SNSの「いいね」に相当?
〈七色の虹が 消えてしまったの シャボン玉のような あたしの涙...〉
「ラブユー東京」をご存じだろうか(私はすぐに歌えます)。懐かしく口ずさむ同世代も多いだろう。1968年から集計が始まったオリコンシングルチャートの、記念すべき初代1位(1月4日付から3週連続)でもある。
ムード歌謡はハワイアンやジャズ、ラテンなどをベースに、ナイトクラブやキャバレーなど夜の街に生まれ、育てられた楽曲である。ご当地ソングとの相性もいい。

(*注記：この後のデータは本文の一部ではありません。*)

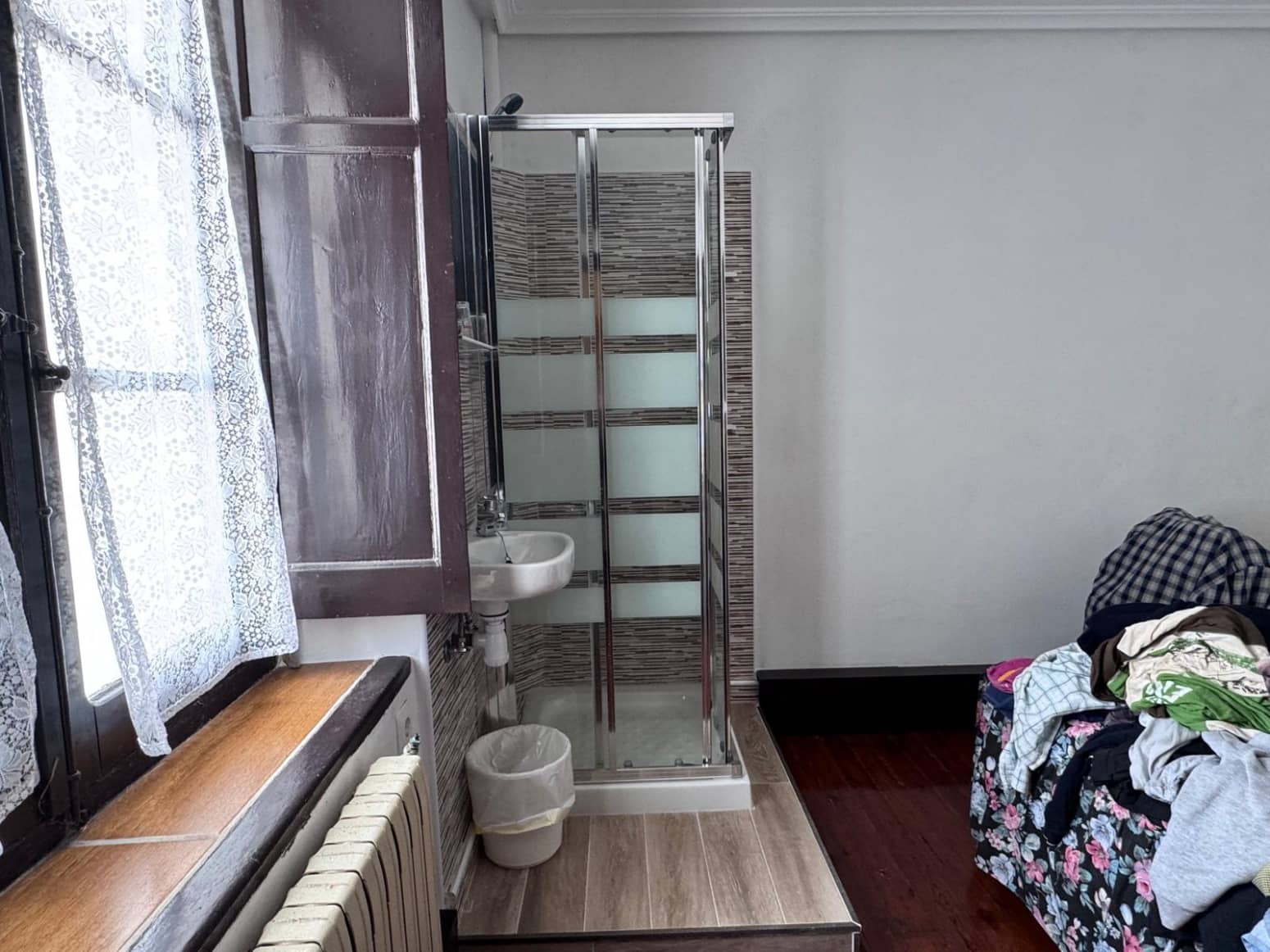 12 soverom Bedrift til salgs i Valdeolea - € 240 000 (Ref: 9472768)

和田弘とマヒナスターズ、鶴岡雅義と東京ロマンチカ、内山田洋とクール・ファイブ、敏いとうとハッピー&ブルー、秋庭豊とアローナイツなどなど、1960年代から百花繚乱、多くのグループが競った。リーダーの氏名を冠した楽団のようなネーミングも特徴だ。
堀井さんは、有線放送というキーワードを手がかりに、夜の女たちが支えた新興グループの成功物語をアナログ感たっぷりにまとめている。「ラブユー東京」は甲府市のホステスたちから火がついたという。電話によるリクエストは、今ならSNSの「いいね」に近いか。「いいね」はタダだが、女性たちは財布の硬貨を公衆電話に投入した。
たかが10円、されど10円。半世紀前、官製ハガキがまだ7円の時代である。